→ **Data**
+ + +

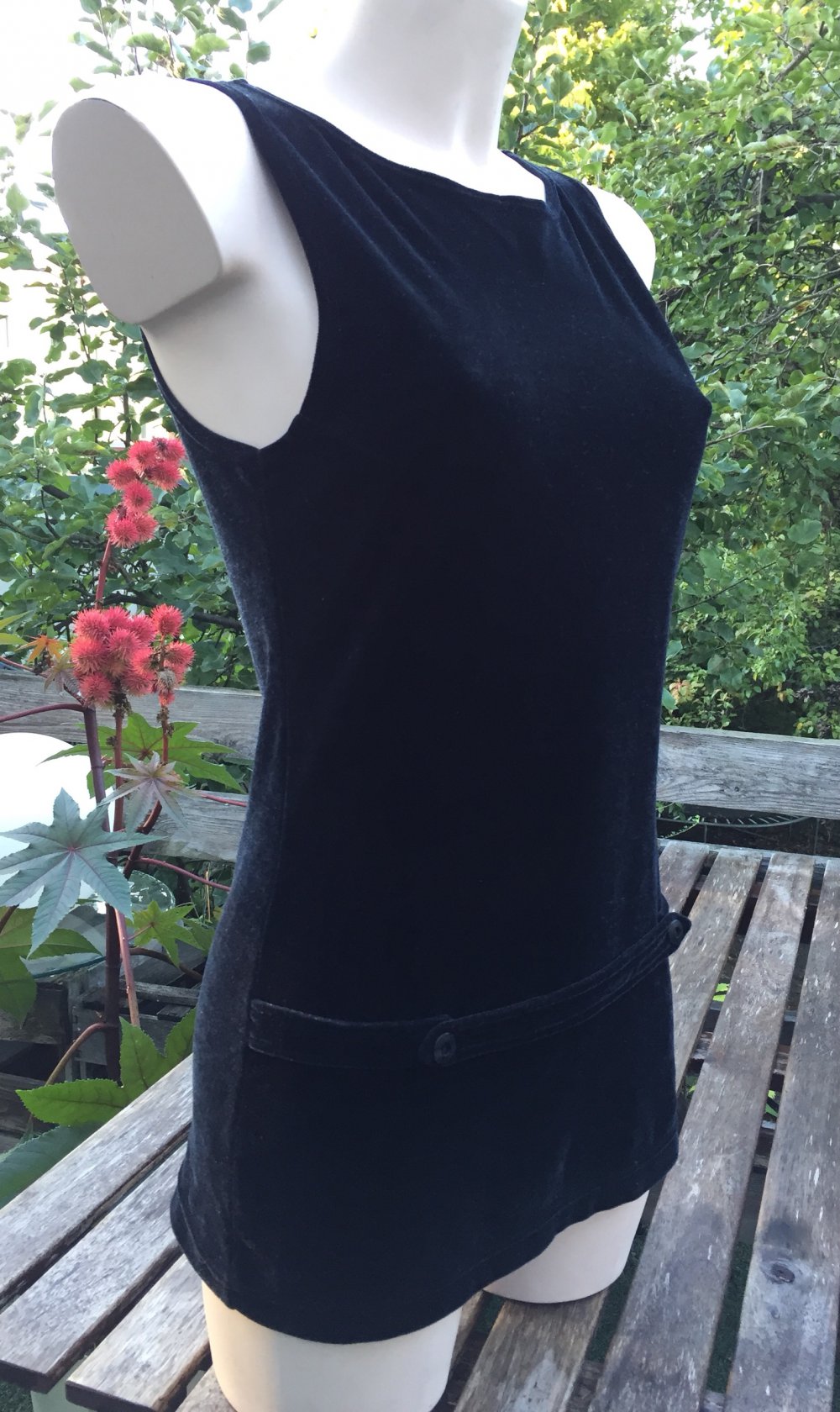 Samt Tunika Top Longtop Twiggy Kleid Sixties Ultramini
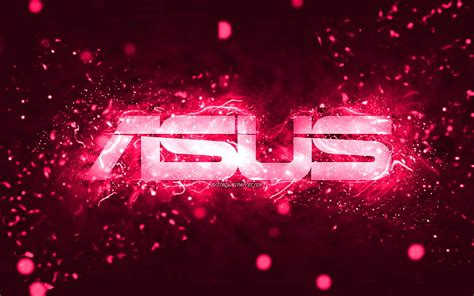 Asus pink logo, , pink neon lights, creative, pink abstract background ...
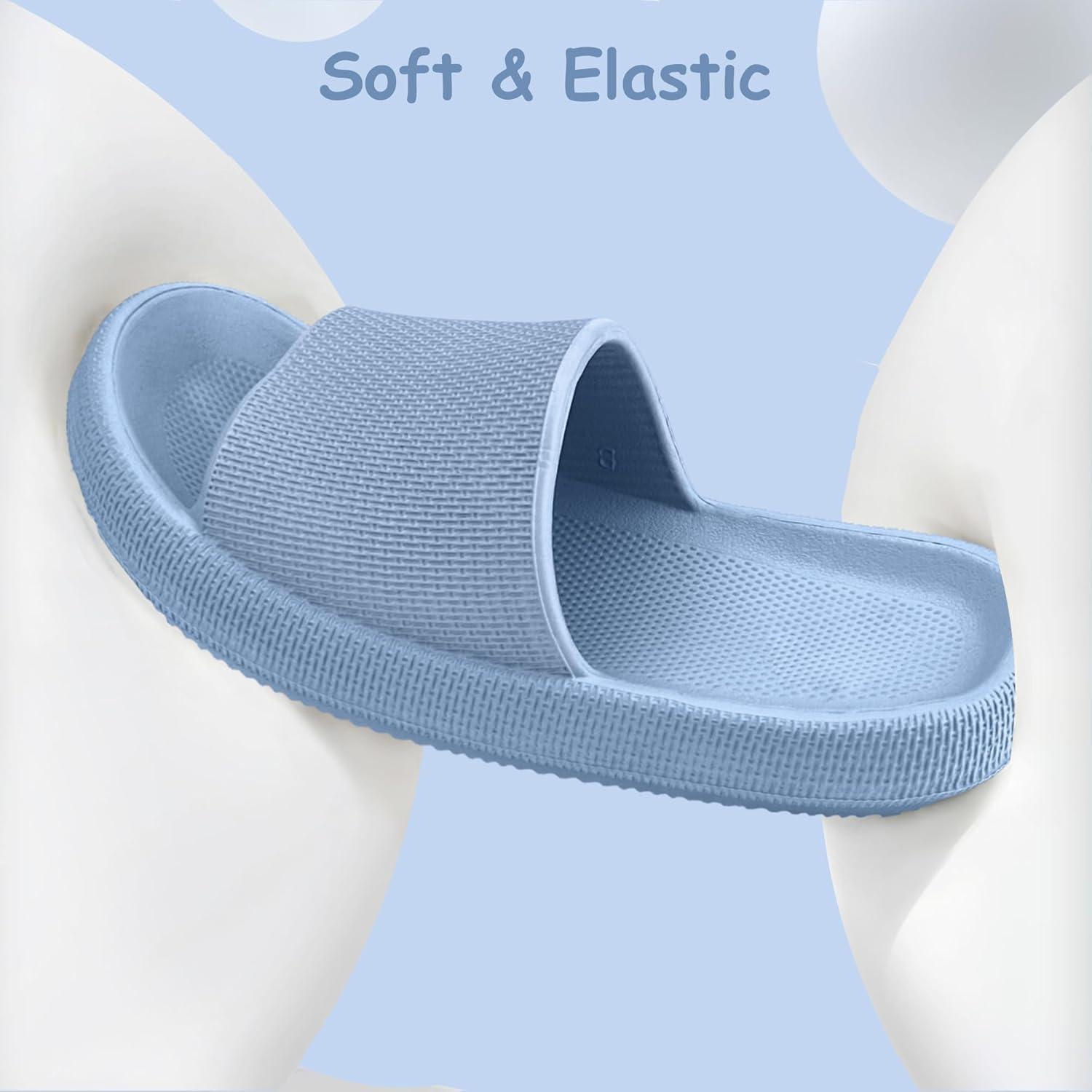 imageCubufly Cloud Slides for KidsBoys Girls Shower Slippers Slip on SandalsNonSlip Open Toe Pillow Slippers SandalsQuick Drying Summer Beach Pool ShoesHazeblue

+ + +

Transcribe the material exactly, leaving every picture out.

 Samt Tunika Top Longtop Twiggy Kleid Sixties Ultramini
 Asus pink logo, , pink neon lights, creative, pink abstract background ...
 imageCubufly Cloud Slides for KidsBoys Girls Shower Slippers Slip on SandalsNonSlip Open Toe Pillow Slippers SandalsQuick Drying Summer Beach Pool ShoesHazeblue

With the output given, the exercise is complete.